◆ Data listing ◆

_ _ _

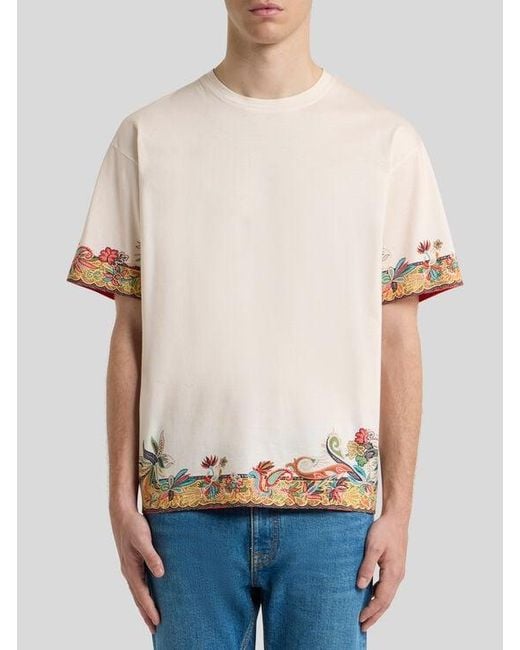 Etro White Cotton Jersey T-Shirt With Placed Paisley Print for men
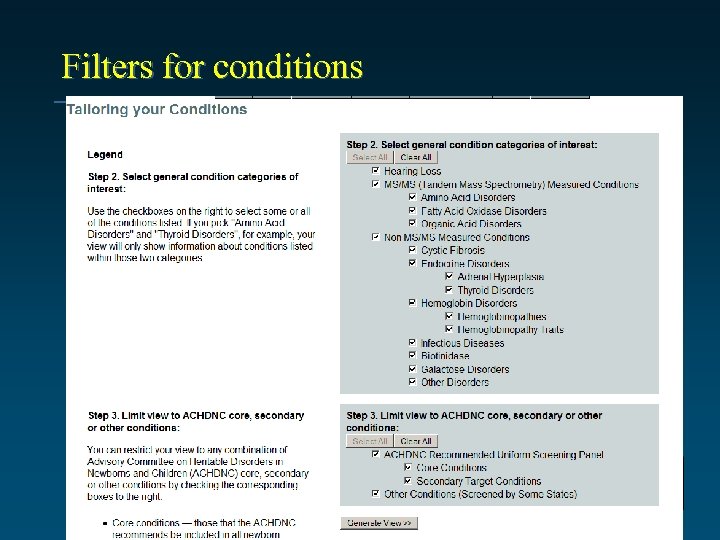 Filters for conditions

_ _ _

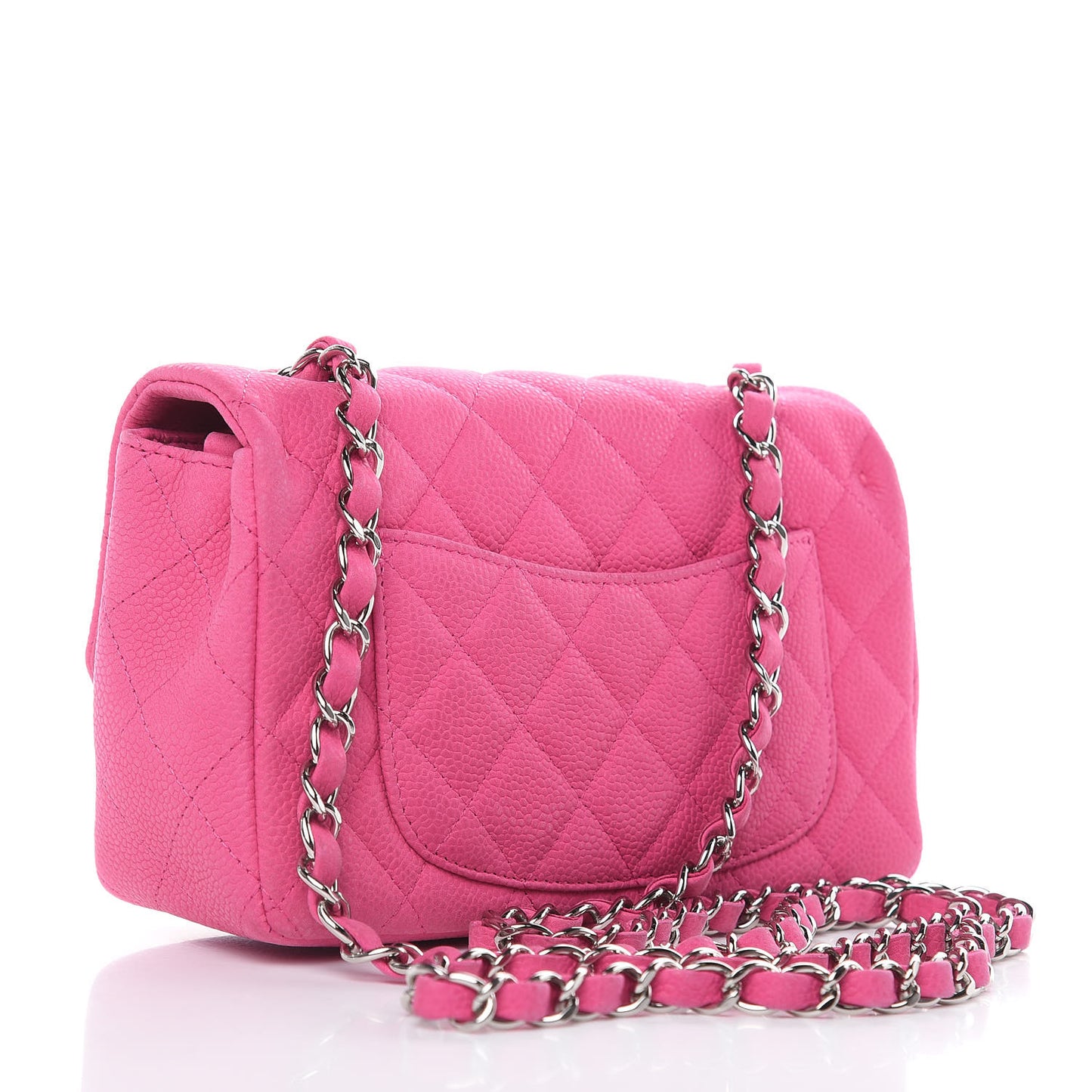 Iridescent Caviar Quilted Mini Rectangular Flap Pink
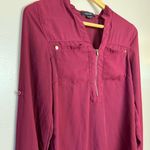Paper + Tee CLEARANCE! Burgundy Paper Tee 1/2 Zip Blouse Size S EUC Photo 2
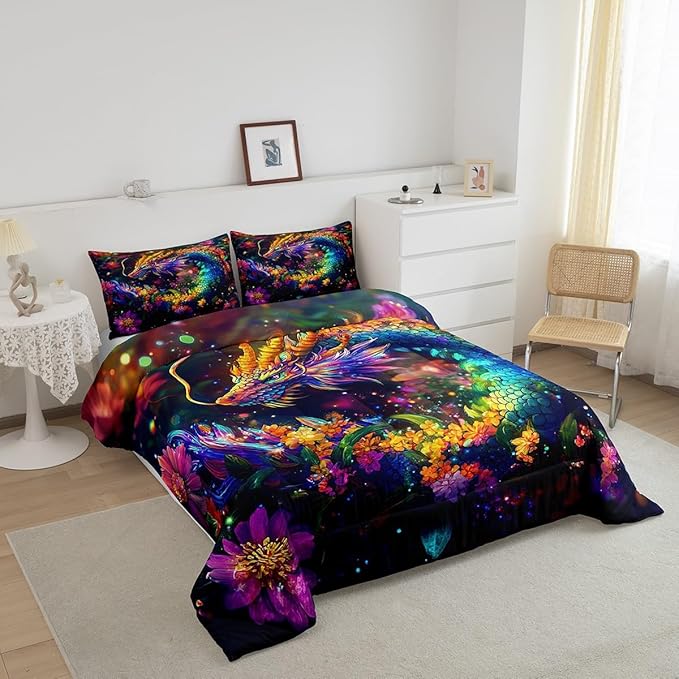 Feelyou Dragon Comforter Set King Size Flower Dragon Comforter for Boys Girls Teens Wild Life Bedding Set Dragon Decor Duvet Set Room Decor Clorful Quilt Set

_ _ _

◆ What to work on ◆
Pictures are to be left out. Write out only the lines above starting at the one with "Etro White Cotton" and ending at the one with "Filters for conditions", both lines included, exactly.

◆ Result below ◆
 Etro White Cotton Jersey T-Shirt With Placed Paisley Print for men
 Filters for conditions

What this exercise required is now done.